GCSAA supports water conservation and the utilization of irrigation/water use best management practices (BMPs). GCSAA supports golf facilities utilizing irrigation system audits as a means to increase the effectiveness of the irrigation system and conserve water. GCSAA supports active collaboration with state and local officials to enact appropriate drought restrictions. GCSAA supports the creation and use of written drought management plans by golf facilities that are subject to drought cycles.
Regulatory agencies and golf courses should work together to develop conservation plans and BMPs. Regulations need to be based on sound science**. Regulatory agencies need to look at golf courses as small businesses and important members of the community.
Properly maintained turfgrass provides many community benefits including: critical "greenspaces"; habitat for birds and other wildlife; recreational opportunities; temperature buffer; capture of run-off pollutants in stormwater; and carbon sequestration and oxygen production. In addition, many entities both public and private rely on healthy turfgrass as a key component in maintaining financial revenues.
Golf facilities should continue to take advantage of technology as part of the irrigation decision-making process to conserve water. The utilization of data from soil sensors for irrigation scheduling decisions is likely to increase in the future as the equipment becomes more reliable and affordable.

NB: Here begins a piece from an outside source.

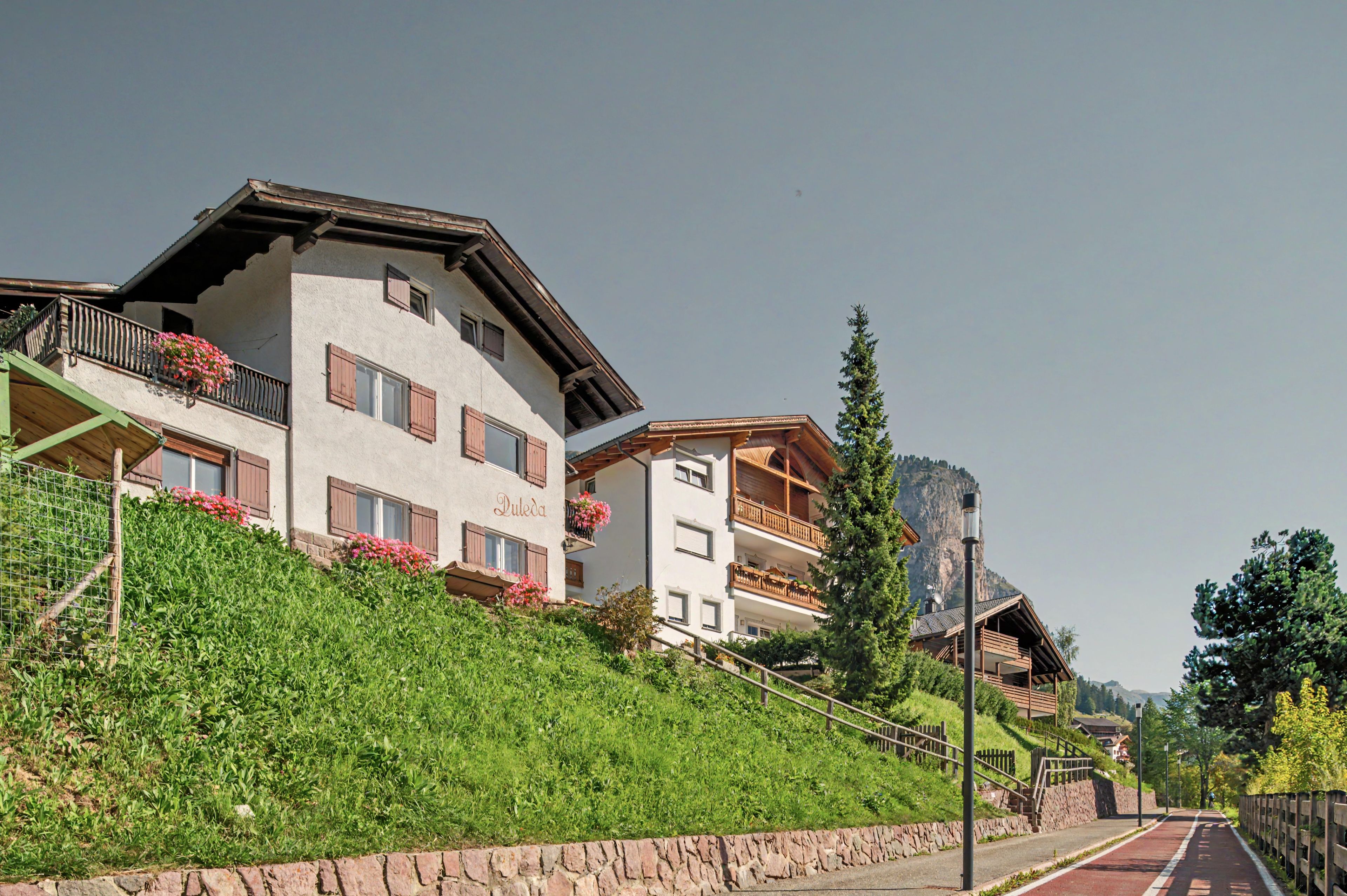 A multi-story building with balconies, a stone retaining wall, and a clear sky.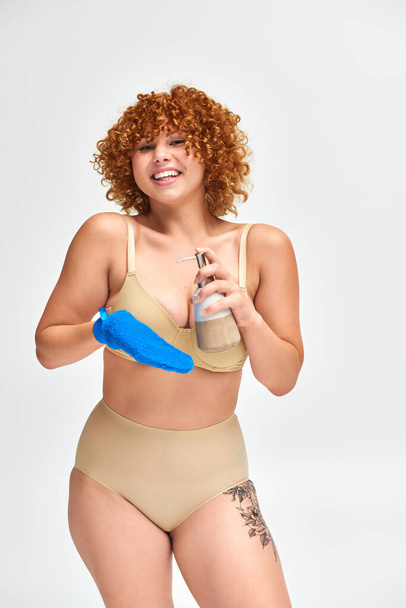 šťastná zrzka plus velikost žena ve spodním prádle se sprchovým gel dávkovač a koupací rukavice na bílém - Fotografie, Obrázek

GCSAA supports the development and promotion of environmentally responsible economic and regulatory incentives for water conservation: installation of efficient irrigation products and systems; retrofits of existing irrigation systems with water-efficient technologies; and design and maintenance practices that foster and support efficient irrigation.
There are proactive steps GCSAA and the industry can take to help ensure golf’s access to water in the future including: 1) establishing a strong relationship with the Department of Interior and Bureau of Reclamation; 2) developing national outreach on the importance of working directly with local/regional state water agencies; 3) identifying potential opportunities for grant money at the Federal level for infrastructure upgrades; 4) a targeted focus on turfgrass breeding projects; 5) working with golf allied associations on golfer outreach to educate them about future water cuts at golf facilities; and 6) investigating state level funds to support advocacy efforts (i.e., formation of tax commissions).